**What you will do**
Copy, with no pictures, the line that contains "Collier Élégant en Petites Perles d'Or" and each line after it down to the end of the entries below, exactly.

——————————

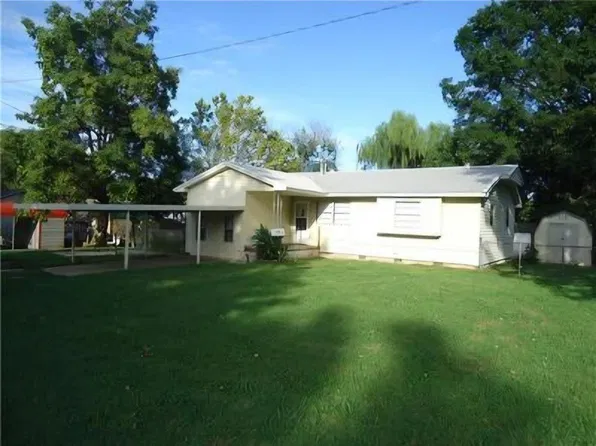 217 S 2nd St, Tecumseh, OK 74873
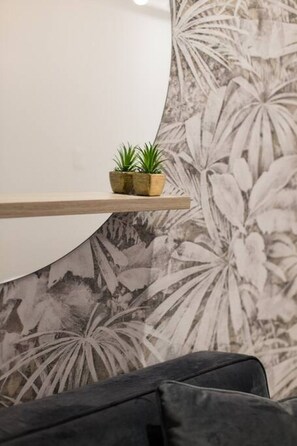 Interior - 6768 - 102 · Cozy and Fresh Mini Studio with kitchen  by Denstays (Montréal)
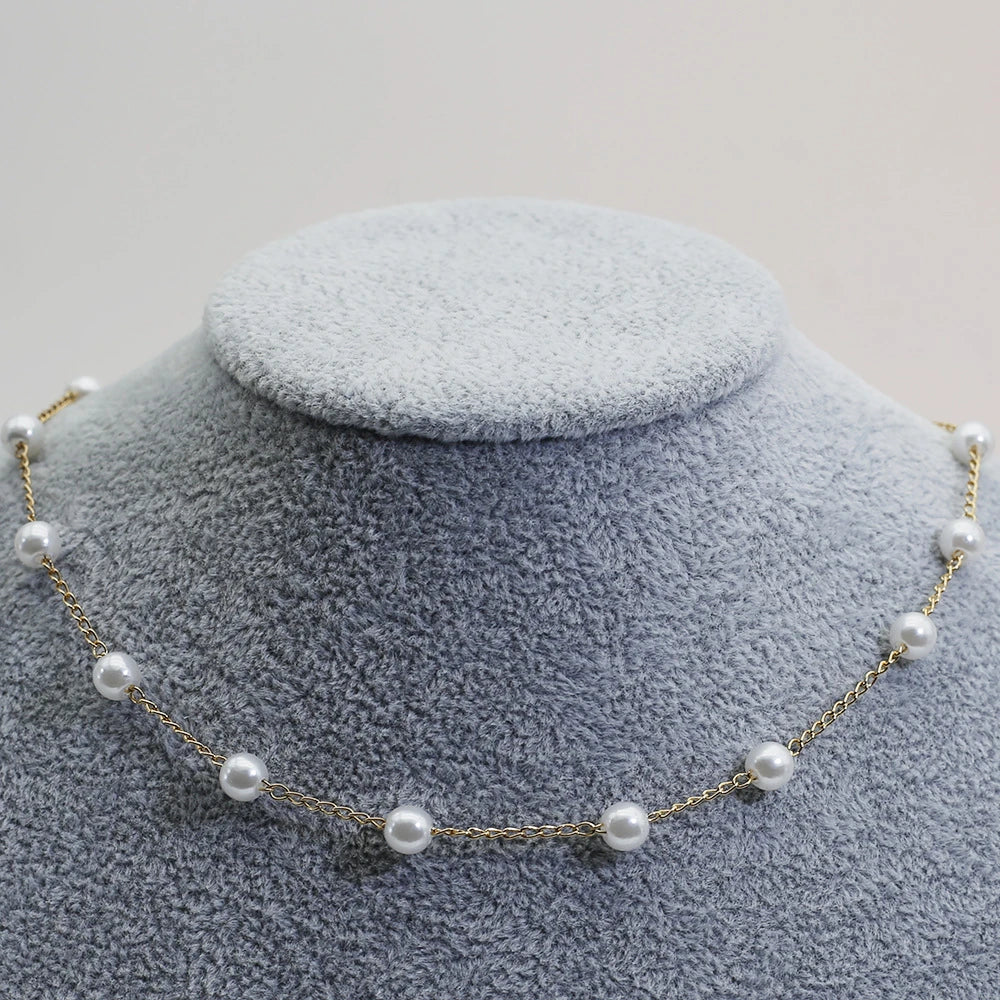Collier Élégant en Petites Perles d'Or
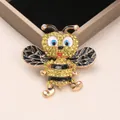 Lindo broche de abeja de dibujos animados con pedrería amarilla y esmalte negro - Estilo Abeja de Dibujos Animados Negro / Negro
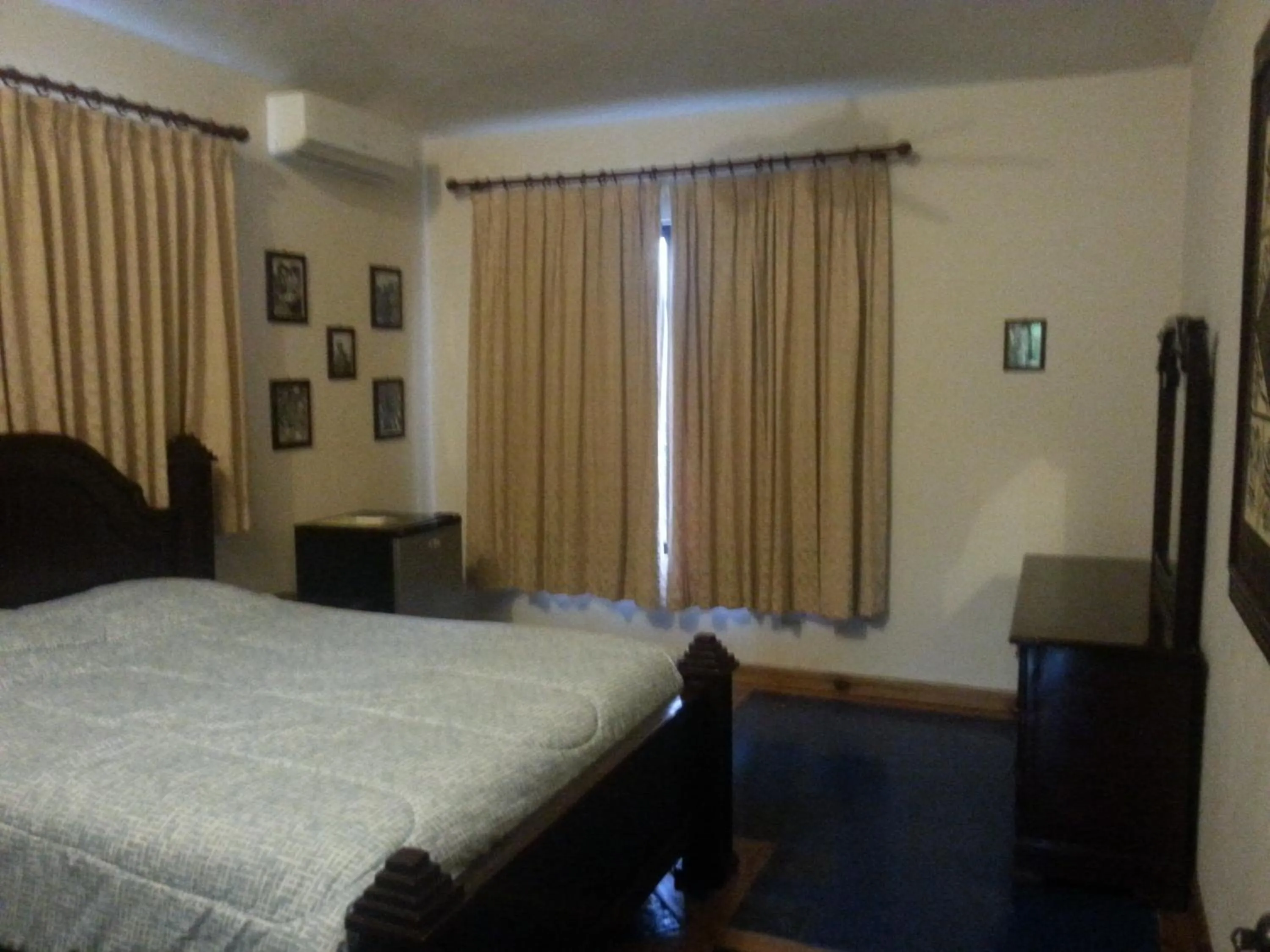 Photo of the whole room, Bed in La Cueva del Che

——————————

**Answer section**
Collier Élégant en Petites Perles d'Or
 Lindo broche de abeja de dibujos animados con pedrería amarilla y esmalte negro - Estilo Abeja de Dibujos Animados Negro / Negro
 Photo of the whole room, Bed in La Cueva del Che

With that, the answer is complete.